Rainfall Map
Best Birding in Kruger

A major influence on birding in Kruger is the pattern of rain. Because the Park falls within the southern African high pressure weather system most rain falls in summer. Almost 80% of the rainfall takes the form of quick and erratic thundershowers between October and March.

Rainfall

©Brett Hilton Barber
White-fronted Bee-eater.

In the local Shangaan traditions these thunderstorms are referred to as 'male' rain, while longer, softer, gentler showers are called 'female' rain.

There is great divergence in Kruger's rainfall - the mean average is approximately 500mm per year, but this varies from an annual average of approximately 760mm in the high rainfall areas of the south, which falls within the 'rain face' of the escarpment, and as low as 210mm in the drier flatlands of the north-east.

There is a longer dry and wet cycle lasting between seven and eleven years, although this could shift as global warming makes weather patterns less predictable. Birding in the same part of Kruger during extreme wet and dry cycles can be a totally different experience.

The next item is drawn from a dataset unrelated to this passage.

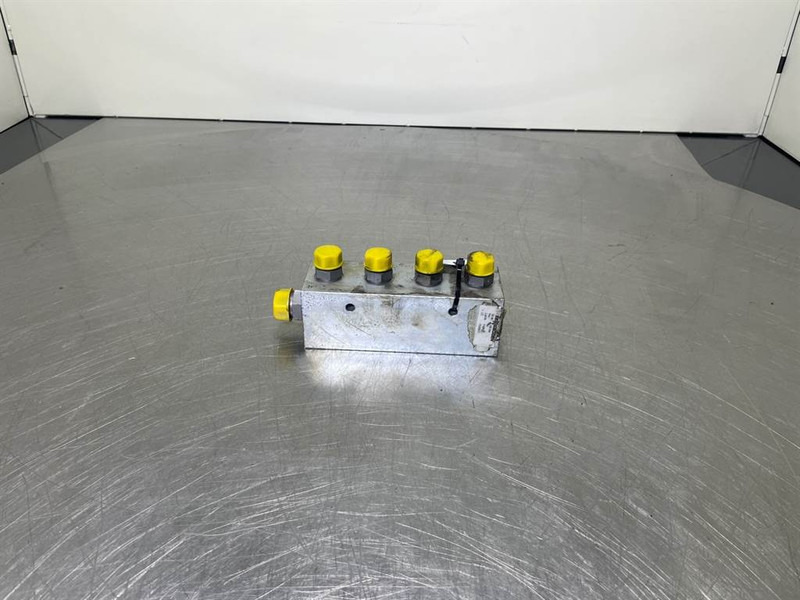 Sennebogen 835E-160094-Valve/Ventile/Ventiel - Hydraulique pour Engins de chantier: photos 1 Sennebogen 835E-160094-Valve/Ventile/Ventiel - Hydraulique pour Engins de chantier: photos 1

The rainfall patterns are highly significant from a birding perspective in that the year is clearly divided into wet and dry seasons. Birds breed when food supplies are most assured. The majority of plants - except for those associated with permanent water sources - are deciduous. This means the greatest amount of food is available in summer, which is when most residents breed. The opposite is true for the major raptors whose food supplies are most assured in winter.Studies by AC Kemp have shown that there is a threefold increase in insects during the hot, humid period between spring and the first major summer rains. This usually occurs in October, which sees the start of the breeding cycle of smaller insectivores such as the tits, brubrus, batis's and cameropteras.

Once the first rains have fallen there is a veritable explosion in the insect population - according to Kemp, insect numbers increase by 3 000% within a month!

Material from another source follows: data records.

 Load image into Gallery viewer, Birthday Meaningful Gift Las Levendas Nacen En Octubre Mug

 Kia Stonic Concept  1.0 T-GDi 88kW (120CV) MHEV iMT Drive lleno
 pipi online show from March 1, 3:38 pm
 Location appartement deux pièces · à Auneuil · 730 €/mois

This triggers intense breeding activity of those birds that feed insects to their young. These include non-passerines such as the rollers, kestrels, Secretarybird, swallows, hornbills, kingfishers, bee-eaters, starlings, shrikes, pipits, babblers, drongos, flycatchers, oxpeckers, and passerines such as sparrows and weavers.

The high level of insect nutrition lasts until the end of the rainy season. The wet season also sees many of Kruger's trees bearing fruit, which provides ample nourishment for breeding for fruit-dependent species such as turacos, African Green-Pigeon, Trumpeter Hornbill and barbets.

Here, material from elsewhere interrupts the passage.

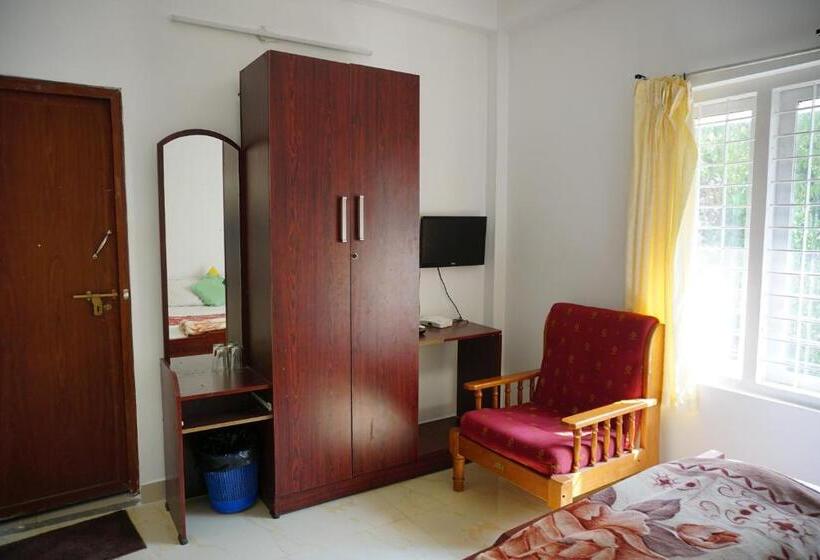 Hotel Classiyo Green Mount Resort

The dry season - from May onwards - provides a niche for more specialised feeders to breed. These include most of the raptors, which breed in the dry season because vegetation cover thins out and therefore it is easier to catch prey.

There is also no competition for food from the summer migrant raptors. Parrots and woodpeckers are also winter breeders because their food sources are seasonally-specific. The staple diet of parrots is dry seed - even though they eat fruit - while woodpeckers prey on insect larvae, which are at their most prolific during the dry season.